Are there any rules of thumb when `virtual` is a considerable overhead?

Question

My questions is basically completely stated in the title, however let me elaborate.

Question: Maybe worth of rephrasing, how complicated/simple the virtual method has to be, to make the mechanism a considerable overhead? Are there any rules of thumb for this? E.g. If it takes 10 minutes, uses I/O, complex if statements, memory operations etc. it's not a problem. Or, if you write virtual get_r() { return sqrt( x*x + y*y); }; and call it in a loop you will have troubles.

I hope the question is not too general as I seek some general but concrete technical answers. Either its hard/impossible to tell, or virtual calls take so much time/cycles resources, and math takes this, I/O this.

Maybe some technical people know some general numbers to compare or did some analysis and can share general conclusions. Embarassingly I dunno how to make those fancy asm analysis =/.

I would also like to give some rationale behind it, as well as my use-case.

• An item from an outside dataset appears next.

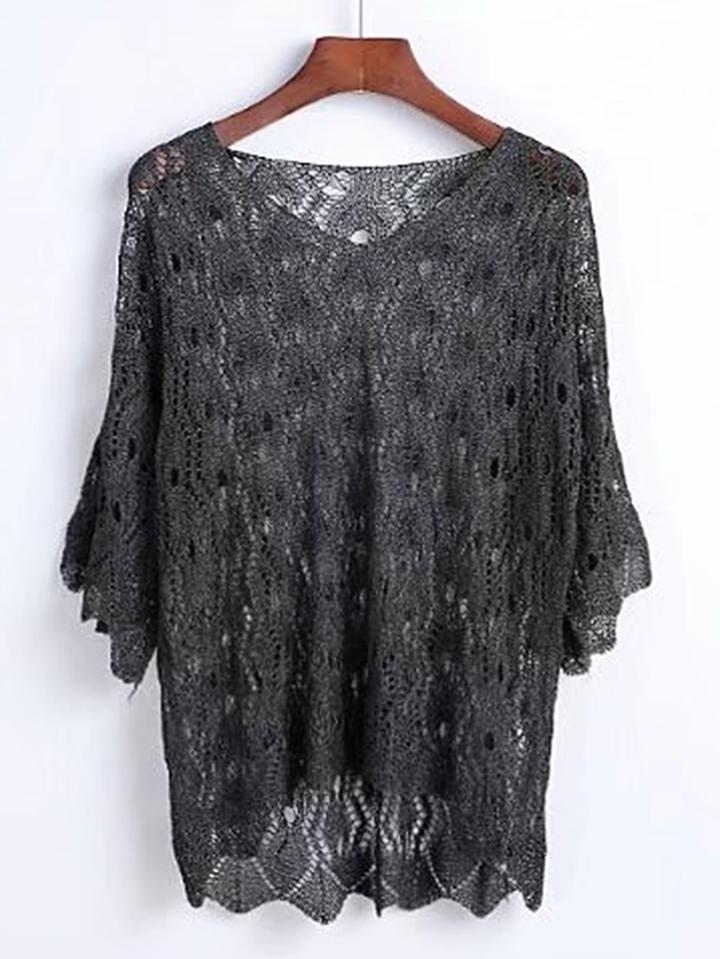 Romwe Hollow Out Wave Hem High Low Knitwear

I think I saw more than few questions with people refraining from using virtuals like open fire in the forest during drought, for the sake of performance, and as many individuals asking them "Are you absolutely sure that virtual overhead is really an issue in your case?".

In my recent work I ran into a problem which can be placed at both sides of the river, I believe.

Also bear in mind I do not ask how to improve implementation of interface. I believe I know how to do it. I'm asking if it's possible to tell when to do it, or which to choose right of the bat.

Use-case:

I run some simulations. I have a class which basically provides a run environment. There is a base class, and more than one derived class that define some different workflows. Base collects stuff as common logic and assigning I/O sources and sinks. Derivatives define particular workflows, more or less by implementing RunEnv::run(). I think this is a valid design. Now let's imagine objects that are subjects of the workflow can be put in 2D or 3D plane. The workflows are common/interchangeable in both cases, so the objects we are working on can have common interface, although to very simple methods like Object::get_r(). On top of that lets have some stat logger defined for the environment.

Originally I wanted to provide some code snippets but it ended up with 5 classes and 2-4 methods each i.e. wall of code. I can post it on request but it would lengthen the question to the twice of current size.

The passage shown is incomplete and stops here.